LIers less gloomy about housing market

A home for sale in East Hampton. Median closing prices are up in Nassau County, but down in Suffolk. (April 20, 2011) Credit: Randee Daddona
Long Islanders are a little less pessimistic about the real estate market than they were in the fourth quarter of 2010, and like consumers in other parts of the state they expect the overall health of the market to improve in the coming year, according to a new poll released Thursday.
Long Island's overall real estate sentiment is -25.3, up 4.3 points but far below the point where equal percentages of those surveyed feel optimistic and pessimistic about the housing market, according to a survey released by the Siena Research Institute and the New York State Association of Realtors.
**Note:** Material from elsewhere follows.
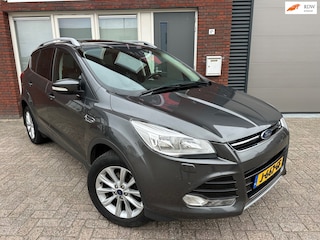 Ford Kuga 1.5 Titanium / Schuifdak / Leder / Navi / Stoelverwarming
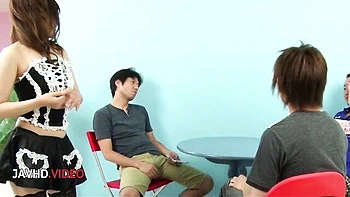 Bubbly Airi at miku airi clip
Long Islanders' perspective that it's a buyer's market also deepened, with the score for selling dropping 4.1 points from the fourth quarter to -41. Local consumers' outlook on buying real estate did drop by 3.2 points -- a move in the direction toward a more healthy and sustainable market, according to the institute. Long Islanders' perspectives on buying still earned a high positive score of 46.3.
"The current view toward buying is extremely positive on Long Island," said Don Levy, director of the Siena Research Institute. He later noted, "Right now the seller is losing and the buyer is winning, and that tension is more acute on Long Island, according to the sentiment, than it is in any other area of the state we measure."
In a thriving and sustainable real estate market, the sentiment scores regarding selling and buying both would be moderately positive -- say around 15, Levy said. That way the seller would be able "to go to the table and realize a profit and the buyer can get good value with the understanding the property will continue to appreciate," he said.
Liz English, Long Island Board of Realtors president and an associate broker at Netter Real Estate in West Islip, acknowledges that some may view sellers at a disadvantage but she does not.
"With interest rates where they are now, the buyers are there," English said. "The buyers' dollars are perfect now, so if sellers are waiting for the market to go up, the buyers may not be able to stretch as far as they can now. It truly is an opportunistic market on both sides of the fence." Interest rates now are considered low.
Consumers on Long Island and statewide were optimistic about what the health of the real estate market will be a year from now, with positive scores on all fronts. Closings in March were up from February and the trend is continuing, English said.
"We see a trend, and this is not one that's padded by a home-buying incentive program," English said, referring to the federal program for first-time home buyers that expired last year. "This is the real deal."